Extend Microsoft Access Applications to the Cloud: Creating a Blank Web App and Using Templates

  • 2/9/2015

Adding indexing

If you create a new table, the primary key for the table will be indexed, and if you add a lookup, the foreign key for the lookup will also be indexed. The indexing on foreign keys is created to help improve performance when joining together two tables of data to return with queries.

Adding additional indexes is useful when you have a commonly searched field and you believe an index could help to retrieve the data. An index can also be created that is unique, and then you can use the index to enforce a business rule ensuring unique values.

Take a look at the design of the Employees template table. If you click the Indexes button on the Design contextual ribbon tab, Access opens the Indexes dialog box and displays all indexes defined in the table, as shown in Figure 4-14.

FIGURE 4-14

FIGURE 4-14 Displaying indexing on the Employees table.

In Figure 4-14, although the PrimaryKey index is unique, the Employee Number index is also unique. This means that the second index is enforcing a business rule stating that each employee has a unique employee number.

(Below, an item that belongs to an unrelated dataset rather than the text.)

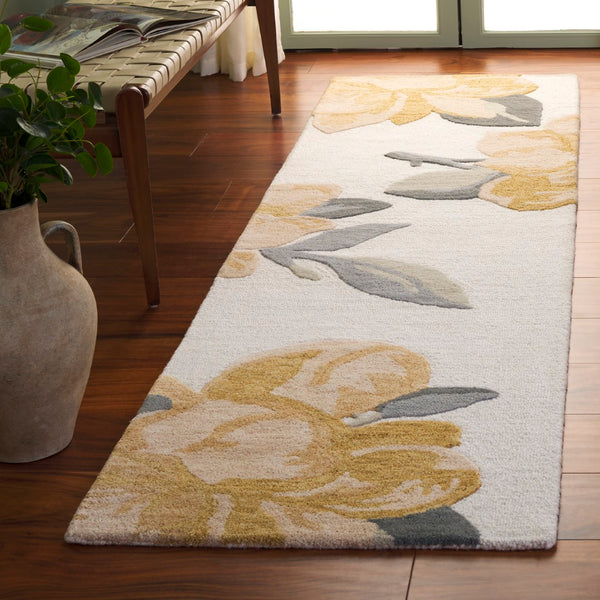 Safavieh Jardin Hand-tufted Area Rug In Ivory And Beige – Elegant Wool-cotton Blend For Timeless Decor Ivory ,Beige 80% Wool & 20% Cotton Jar403b-9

If you have an activity that is slow to execute, adding an index on, for example, a field used for filtering the data can improve performance. The only way to test this is to add the index and then see if the performance has improved. Indexes can also be created using multiple fields. One key question to ask before adding an index is, “Will the field values have sufficiently varied values to make the index selective?” For example, indexing a field with only four or five distinct values is unlikely to be of great benefit, while indexing a field for a postal code is likely to be beneficial if you are constantly filtering or searching on this field.

You also incur a cost with having indexes: the database will need to update the indexes when data changes. This means that adding many indexes to a table can result in operations to change the data slowing down (because the indexes will need to be updated). It is a good idea not to create too many indexes. Exactly what is meant by too many is difficult to quantify. However, if you kept the number of indexes to 5 or 6, that would not be an unreasonable number of indexes.